In occasione della presentazione del documentario Il Campo, Anna de Manincor e Massimo Carozzi del collettivo ZimmerFrei ci raccontano Mutonia, insediamento della Mutoid Waste Company a Santarcangelo di Romagna

Come nei documentari Temporary Cities da voi realizzati, e penso a The Hill e Temporary 8th, girati rispettivamente nel quartiere popolare di Nørrebro a Copenhagen e nell’ex quartiere rom di Budapest, anche per Il Campo avete scelto un’unità di luogo, che non è solo un principio cinematografico ma anche un principio di realtà che determina un modo di essere e di abitare. Come è nato questo progetto, e come vi siete avvicinati a Mutonia fondata dalla Mutoid Waste Company a Santarcangelo nel 1991?

È stato un avvicinamento lento… La nostra troupe era estremamente leggera, formata da sole tre persone, abbiamo cercato di renderci invisibile per poter poter meglio narrare la quotidianità del campo mutoid. Quando più di un anno fa Silvia Bottiroli e Rodolfo Sacchettini ci hanno invitato a girare un documentario sulla città di Santarcangelo non sapevamo come avremmo potuto raccontare una città così piccola, che ha dimensioni territoriali molto diverse da quelle dei documentari da noi realizzati negli ultimi anni.
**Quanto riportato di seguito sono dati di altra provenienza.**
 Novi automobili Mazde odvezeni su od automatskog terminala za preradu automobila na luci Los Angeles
Abbiamo passato un po’ di tempo a Santarcangelo e ci siamo resi conto che Mutonia è parte del tessuto urbano della città. Gli abitanti del campo si sono abituati a noi, alla nostra presenza. Anche se su di loro erano già stati girati diversi reportage, non avevano mai vissuto/condiviso la propria quotidianità con una troupe.
Non c’è stata una sceneggiatura prestabilita, abbiamo sempre visto e discusso il girato insieme agli abitanti del campo, in modo da non appropriarci del loro vissuto. Conoscevamo già Mutonia, la frequentavamo negli anni ’90. La differenza rispetto agli altri film della serie Temporary Cities è che abbiamo voluto dare maggior risalto alla parola e al racconto e non all’iconicità delle immagini. Stiamo ancora lavorando al montaggio, che subirà ulteriori trasformazioni. Quello che sarà mostrato sabato 20 luglio su grande schermo in Piazza Ganganelli di Santarcangelo è infatti l’esito di una prima versione del documentario prodotto dal Festival, che è ancora in progress».
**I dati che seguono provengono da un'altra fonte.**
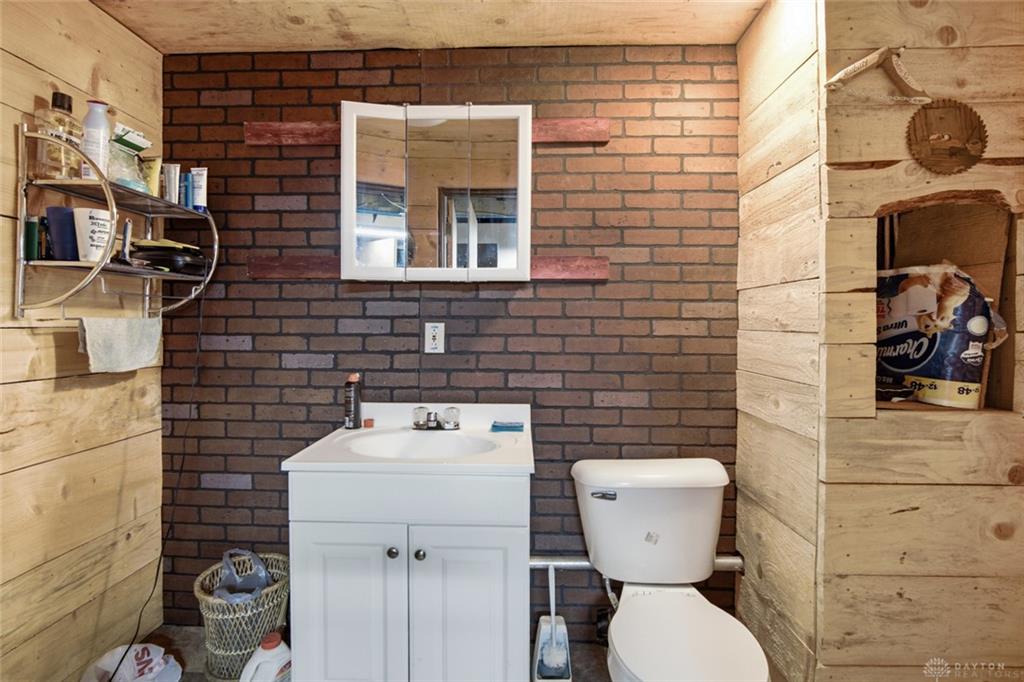 5280 Alert New London Property Photo 27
Quanto l’esperienza del cinema, anche se in forma documentaria, è stata superata dalla realtà con l’ingiunzione di sfratto comunicata dall’amministrazione comunale?

Non ci siamo occupati della cronaca però è indubbio che l’ingiunzione che intende ridefinire il loro status di abitanti e l’usufrutto del terreno ha determinato dei cambiamenti. Ha sollevato delle riflessioni. Il campo Mutoid si trova ora ad un crocevia che potrebbe determinarne lo scioglimento o la rifondazione. Nato come accampamento temporaneo e comunità sperimentale nel 1991 quando il gruppo Mutoid Waste Company viene invitato al Festival di Santarcangelo per un progetto speciale che radunava artisti, scultori, costruttori e travellers internazionali della scena punk, cyber e post-industriale. Invece di ripartire alla fine del festival, i Mutoids rimangono a Santarcangelo di Romagna e il terreno in cui avevano allestito il loro spettacolo di sculture meccaniche e mutanti diventa il Campo dei Mutoid.
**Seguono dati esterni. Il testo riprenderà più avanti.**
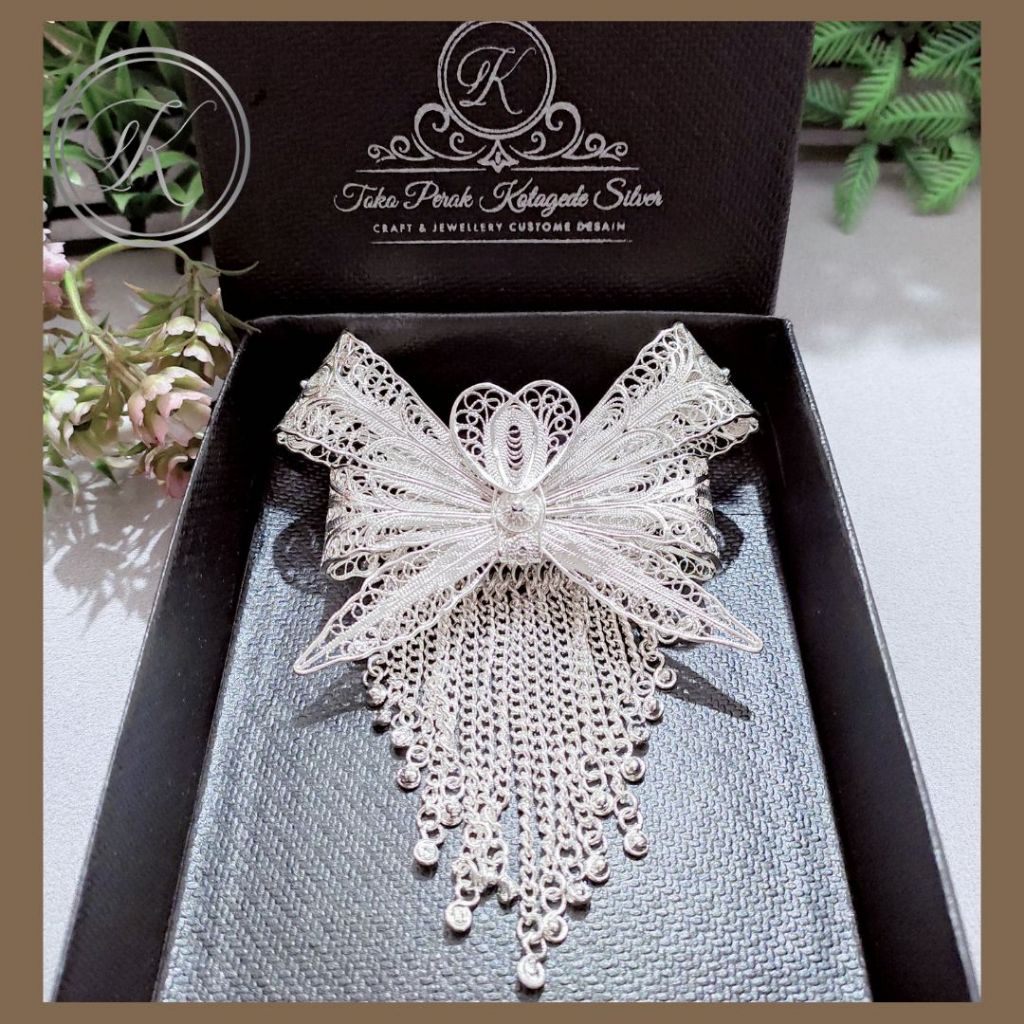 Bros Kebaya Elegan Kutubaru Silver dan Emas Besar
Il campo è una sorta di luogo di origine per un gruppo elettivo di persone… quanto la vita dopo l’apocalisse che tanto contraddistingue il loro immaginario e la loro iconografia è entrata nel vostro documentario?

Vorremmo ricordare quello che ci ha detto uno di loro: «i Mutoid sono quelli che in una situazione terminale sono i meglio attrezzati a sopravvivere». Una frase che ci ha colpito perché indica una condizione davvero unica, ossia quella di avere dentro di sé il proprio contrario. Mutonia è un luogo unico che però qui diventa normale. Una giornata al campo sembra una giornata in campagna, proiettata però in un contesto urbano. Sono stati in grado di attuare una riconquista del territorio reale e immaginario, dove la matrice post-industriale è contemporaneamente la fine e l’origine di un mondo.
Ad esempio a Mutonia lo sviluppo spaziale non è precostituito. Una casa viene costruita pezzo per pezzo in seguito alla nascita di figli o dall’arrivo di nuovi abitanti. Ciò che per loro è normale a noi sembra straordinario, e questo è importante perché ci permette di vederci con altri occhi e di ripensare al modo di vivere insieme… Le eccezioni come Mutonia vanno difese e salvaguardate.